Indeed, pretty much exactly that point is made in the third box on the right:
In case you are one of the many, many people who get this wrong
and are astonished, you may be thinking of a different question.
My birthday is a specific date. If we assume birthdays are
uniformly distributed, how many people must you ask before you
find someone who has the same birthday as me?
On average, about 182.
If you ask some 150 to 200 people, the odds are about 50% that
you'll find someone who shares my specific birthday.
But that's not the question I asked. They don't just need to share
my birthday, it can be that any birthday is shared among them, and
that changes the odds dramatically.
I don't see how that point relates to Xylakant's comment. The text you quoted basically points to the difference between these two cases:
1) that if you have a specific hash, how many more hashes would have to be generated to get the same hash.
2) how many hashes would you have to generate before a collision occurs between any of them.
So in the two cases above we're dealing with sets of hashes, and we don't care how they are generated.
Xylakant's comment was about a different type of collision. This collision happens because you are mapping an arbitrary large text into a fixed size hash, which means that different texts can map to the same hash, hence creating a collision.
> It is very important to note that this is the probability
> that any two hashes collide in a set of hashes. It is not
> the probability to find a second plaintext that hashes to
> the same hash as a given one.
ColinWright:
> Indeed, pretty much exactly that point is made ...
> > In case you are one of the many, many people who get this wrong
> > and are astonished, you may be thinking of a different question.
> > My birthday is a specific date. If we assume birthdays are
> > uniformly distributed, how many people must you ask before you
> > find someone who has the same birthday as me?
> > ...
> > But that's not the question I asked. They don't just need to share
> > my birthday, it can be that any birthday is shared among them, and
> > that changes the odds dramatically.
dsego:
> I don't see how that point relates to Xylakant's comment.
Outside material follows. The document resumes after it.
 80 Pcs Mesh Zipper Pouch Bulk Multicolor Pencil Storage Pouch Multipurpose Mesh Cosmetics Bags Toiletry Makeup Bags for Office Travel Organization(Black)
OK, I'll try to explain my thinking:
> The text you quoted basically points to the difference
> between these two cases:
> 1) that if you have a specific hash, how many more hashes
> would have to be generated to get the same hash.
> 2) how many hashes would you have to generate before a
> collision occurs between any of them.
Yes.
> So in the two cases above we're dealing with sets of hashes,
> and we don't care how they are generated.
That's true.
> Xylakant's comment was about a different type of collision.
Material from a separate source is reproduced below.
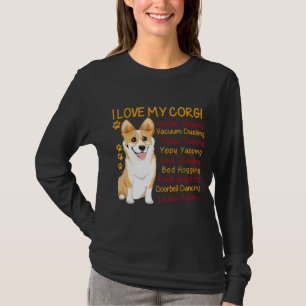 Ik hou van mijn Corgi Funny Corgis Dog mam pap T-shirt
> This collision happens because you are mapping an arbitrary
> large text into a fixed size hash, which means that different
> texts can map to the same hash, hence creating a collision.
If you're using cryptographic hashes then I believe these amount to the same thing.
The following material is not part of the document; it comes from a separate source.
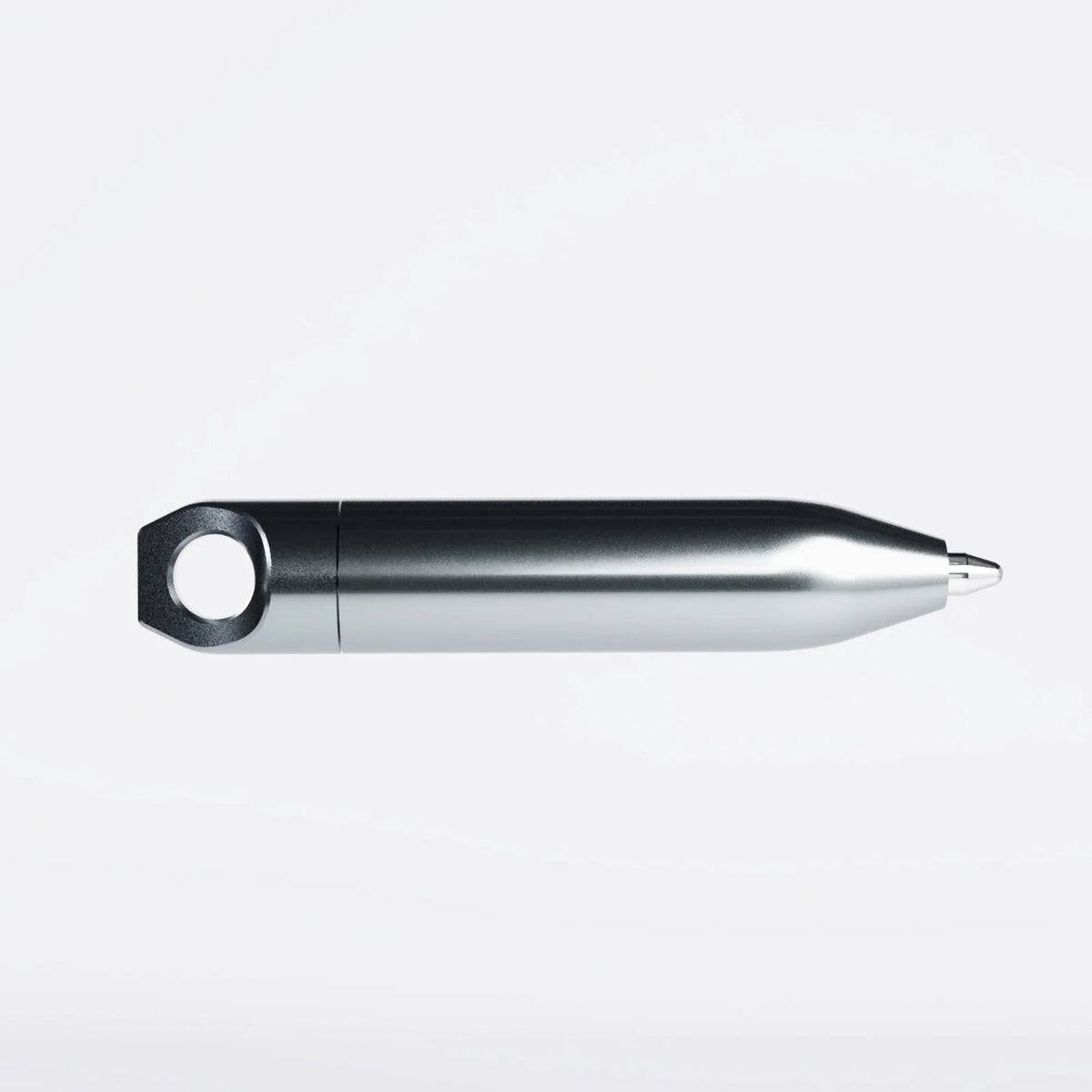 Compact metal EDC pen with keychain loop, minimalist design on white background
The distinguishing characteristics of a cryptographic hash are that it has no internal structure, and it is completely unpredictable based on knowledge of similar source texts. In particular, techniques such as differential analysis don't work.
In that sense, finding a text to map to a hash to give a collision is exactly the same as picking a random number that happens to match. The act of starting with a text and using that to create a hash is identical to the act of choosing a random element of the hash space. If these two things were not identical, then the hash would have some sort of predictability or structure that related it to the source text.
The situation is different if you are using non-cryptographic hashes such as CRCs. Perhaps I should edit the original article to help make that distinction, but I'm not really sure it's worth it.
Actually I was trying to express that the birthday paradox does not apply when you to find a plaintext that evaluates to a known hash, as you'd need to do for password cracking or forging a signed email for example[1]. The birthday paradox only gives you the probability that of a random set of hashes, two are the same. It's "if I generate n random pieces of plaintext, how big is the chance that two of them generate the same hash." Actually it gives you the probability of picking the same element twice from a finite set of elements when you pick n times.
[1] When generating emails more restrictions apply: The colliding plaintexts have to be at least somewhat coherent and probably should express something the attacker wants to express.
Yes, and that's exactly the point that is addressed in the box I quoted.
You're exactly right, and I believe it's covered. I didn't go into detail about the problems involved in generating a plain text that hashes to a specific hash,such as you mention. I did simply mention that the problem I'm talking about is not that one.
So I don't understand the point dsego was making, because I think my reference is relevant.
At this point I'm no longer sure it really matter.